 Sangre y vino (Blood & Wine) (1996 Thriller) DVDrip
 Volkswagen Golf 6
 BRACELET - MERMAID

_____

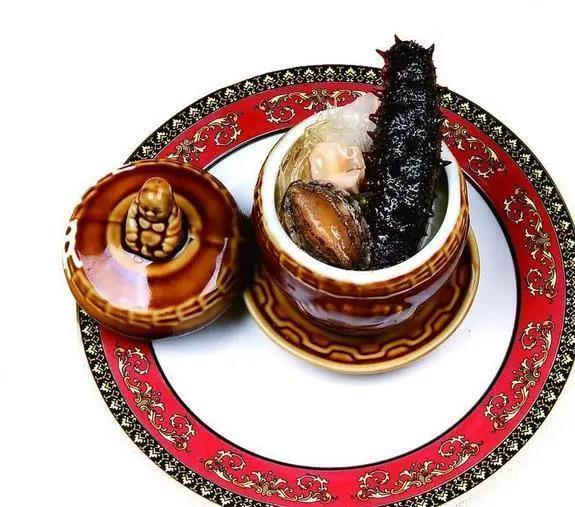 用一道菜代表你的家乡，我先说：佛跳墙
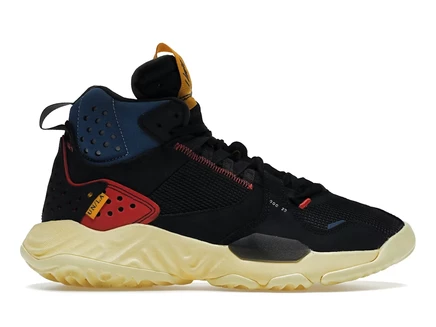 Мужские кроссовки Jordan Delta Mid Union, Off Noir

_____

▸ REQUIRED ACTION: Write out exactly the lines above from the line with "Sangre y vino" through the line with "BRACELET - MERMAID", both of them included, and leave out all other lines.

▸ SOLUTION TO THE PROBLEM:
 Sangre y vino (Blood & Wine) (1996 Thriller) DVDrip
 Volkswagen Golf 6
 BRACELET - MERMAID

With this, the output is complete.